■ **TASK PROMPT**: Begin at the line containing "A collection of" and reproduce every line through the end of the entries below. Nothing else should appear.

■ **Stored dataset items**:
-*-*-
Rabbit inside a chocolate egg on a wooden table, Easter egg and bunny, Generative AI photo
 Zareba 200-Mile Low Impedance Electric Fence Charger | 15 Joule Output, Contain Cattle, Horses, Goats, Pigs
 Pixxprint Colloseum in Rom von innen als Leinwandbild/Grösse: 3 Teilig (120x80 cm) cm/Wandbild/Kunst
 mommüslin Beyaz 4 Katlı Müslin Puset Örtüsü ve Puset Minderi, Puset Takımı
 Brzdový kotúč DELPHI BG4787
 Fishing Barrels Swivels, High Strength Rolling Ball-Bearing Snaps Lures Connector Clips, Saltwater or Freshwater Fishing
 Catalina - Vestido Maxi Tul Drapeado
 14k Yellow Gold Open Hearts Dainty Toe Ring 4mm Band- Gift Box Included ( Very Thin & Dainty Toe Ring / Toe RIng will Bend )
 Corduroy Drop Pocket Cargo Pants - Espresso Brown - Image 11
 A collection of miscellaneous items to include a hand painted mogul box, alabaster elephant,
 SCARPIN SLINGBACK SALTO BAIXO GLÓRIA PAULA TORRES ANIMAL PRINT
-*-*-
■ **WRITTEN RESPONSE**:
 A collection of miscellaneous items to include a hand painted mogul box, alabaster elephant,
 SCARPIN SLINGBACK SALTO BAIXO GLÓRIA PAULA TORRES ANIMAL PRINT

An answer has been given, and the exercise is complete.